What do those things now mean in a world of mobile phones, internet and metadata?


>> Which part is unacceptable

Pretending it's a non-issue and not addressing concerns AND then using an overseas helpdesk service, such that now not only are analytics being sent to the US, but actual communication between a UK citizen and the UK government.

But particularly the latter half.

>> I think that before Snowden most people, myself included, would have thought not using google analytics for the above reasons was paranoia.

Most people haven't been paying much attention then.

>>Now, I think that all digital data should be treated as public and until we change the law to have a public / private demarcation, we need to accept it and deal.

Cool, if that's your attitude to this. Some of us would prefer to prevent our government being complicit wherever possible. They may already be in breech of various regulations and I do intend to be in contact with the ICO soon.


This just sounds like a paranoid rant. If you have a problem with it, either don't visit the site or block the analytics. The reason they are using it is pretty obvious, like everyone else that builds digital services, they want to look at how it gets used.
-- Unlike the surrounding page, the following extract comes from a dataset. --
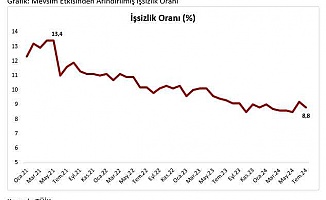 İşsizlik Rakamları Açıklandı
It is a non issue, that's not pretending, it's just putting on a rational hat and taking off the silly rhetoric of paranoia.

Personally, as someone who left the UK in the 90's for silicon valley, I'm blown away that the UK government has even heard of the internet, let alone built a decent digital service.


>> It is a non issue, that's not pretending, it's just putting on a rational hat and taking off the silly rhetoric of paranoia.

I'm glad you're happy to publish all the details of your interactions with government services to an advertising company in another country with far less in the way of data protection law.

I'm not.


So you're back to "Block the Analytics" and everyone is happy!

Or are you saying instead that you should impose your own personal choice on everyone else?


I'm saying I'd like to know what sort of privacy analysis was done here, whether it's in compliance with EU and UK privacy and data laws, and whether it's a good idea at all.

Just because I know how to block analytics doesn't mean everyone else has a clue they even exist, nor that we should allow our government to export data about us in this way.


Curious, do you use any one of the following services:

Amazon

Google (and any service under it)

Facebook

eBay

?


I use some of them.

None of them, however, is the UK government unnecessarily leaking details of my interactions across borders.


No, what they're saying is, "How much more in taxes do you want to pay to get them to stop using Google Analytics?"


And the answer is "some".

As a proportion of the whole development cost, using either an EU based analytics service or in-house server shouldn't really be significant.

But even before that I'd like to have some indication that someone has actually thought about what they're doing, rather than just stuffed in GA because that's what you do in the private sector.


I cannot upvote you as much as I want.

Yes, yes, yes. The only time we should consider these attitudes is when real keep it from everyone security matters (you know MI5 style security, not pentest security)

And frankly my view on that is now: want to keep a secret? Keep it away from computers.


What if I don't want everyone in the world to know everything about what I do with a computer?

They're more and more part of everyone's life and not everyone is of the mindset that it doesn't matter if corporations and governments get to look at every little detail of their online interaction. Car tax, criminal law, the weekly shop at tesco.com ... all going to the profilers.

I know this is happening. I know how to stop some of it. But everyone else?


yes, I know - but there is a difference between privacy and secrecy.

Privacy is the things anyone can work out by looking at me, secrecy is the stuff I actively hide.

The cost of breaching privacy on mass scale has dropped simply because now everyone publishes everything about themselves.

Breaching secrecy is still a manual intensive effort as it eve has been.


People are not publishing this data willingly or knowingly.

That's your disconnect with reality.